By Main One

Main One Cable Company has concluded the shore-end laying of its undersea fiber optic cables in Lagos, Nigeria and Accra, Ghana respectively. The shore-end cable laying is a critical intermediary procedure to install the undersea cables on the shores of countries in which the cable system is expected to berth, in preparation for the end-to-end laying of the full stretch of the fiber optic cable from its origin in Portugal.

According to Funke Opeke, Chief Executive Officer of Main One Cable Company, “the successful completion of our shore-end cable laying operations in Lagos and Accra, again signposts the seriousness with which this project is being executed and our commitment to ensuring that we deliver on our target completion date of June 2010.”

The successful completion of its shore-end cable laying operations is yet another formidable and transparent landmark of the progress being recorded by the pioneering undersea cable network. Earlier on, Main One cable was the first private company to receive submarine cable landing licenses from both the Nigerian Communications Commission and Ghana’s National Communications Authority.
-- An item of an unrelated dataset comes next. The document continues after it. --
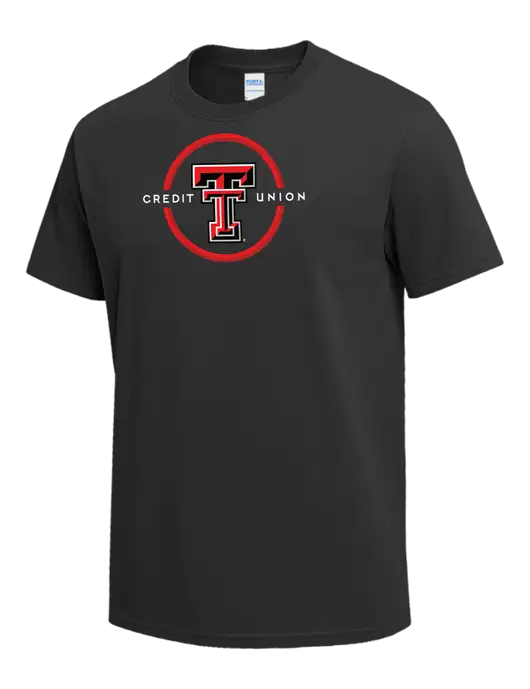 Charcoal Heavyweight 6.1 oz T-Shirt w/Texas Tech CU Logo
Main One embarked on undersea route survey operations last February and by June had concluded the survey operations. In June as well, it secured commitment from multilateral financial institutions as well as Nigerian banks for all of the financing it requires for the first phase of the cable project.

Opeke stated that “we continue to be delighted at the steady pace of work on the Main One project,” adding that “manufacturing of all the system components are progressing well and we are on track to meet our deployment schedules.
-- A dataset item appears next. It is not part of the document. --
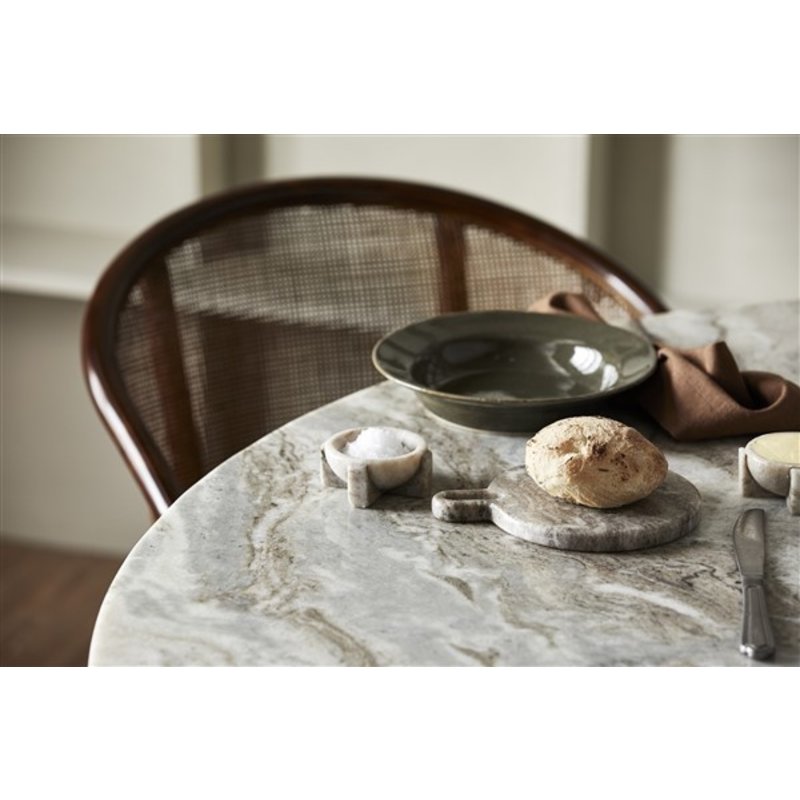 Nordal-collectie MERIAN salt dish, brown marble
She added that construction work on the Global Network Operating Center for the cable company, which is sited in Lagos, Nigeria, is recording impressive progress in much the same way as the cable landing station in Accra, Ghana.
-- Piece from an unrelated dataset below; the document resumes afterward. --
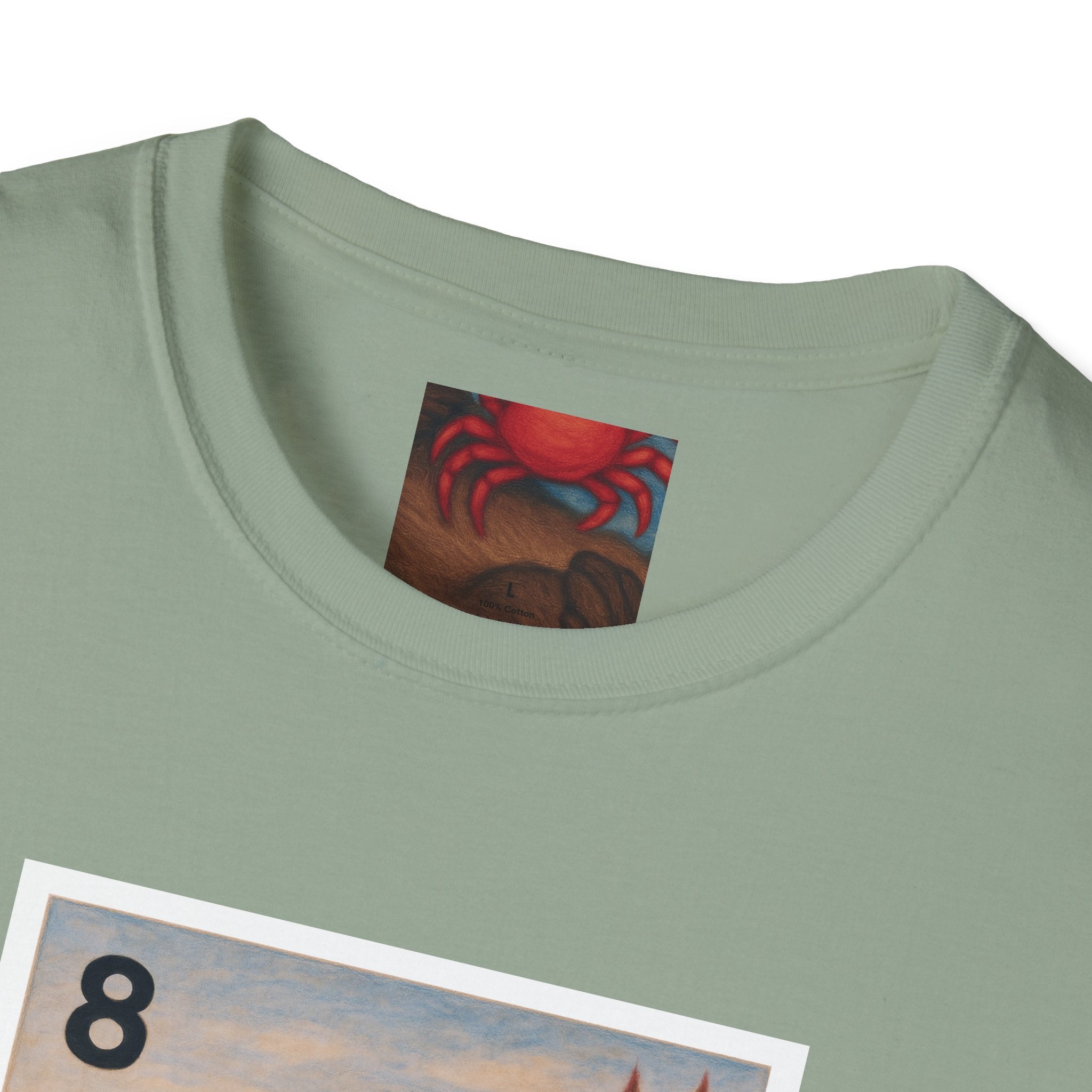 Sea Otter Lotería Unisex - Soft Style U.S. Cotton T-Shirt (La Nutria)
Main One cable will, when it is finalized, provide 1.92 Terabits per second capacity, which is far more than currently available capacity on any pre-existing undersea cable networks in the West Africa sub-region.

Very importantly, Main One Cable will provide wholesale services on an open access basis to all information and communications technology (ICT) players in West Africa. The open access model, Opeke explained, implies that broadband capacity will be availed all operators and service providers in an open and non-discriminatory manner. “In addition to the capacity building we bring by driving the expansion of critical ICT and internet networking technologies into the region, the Main One project, on completion will create a strong multiplier effect for economic growth,” said Opeke.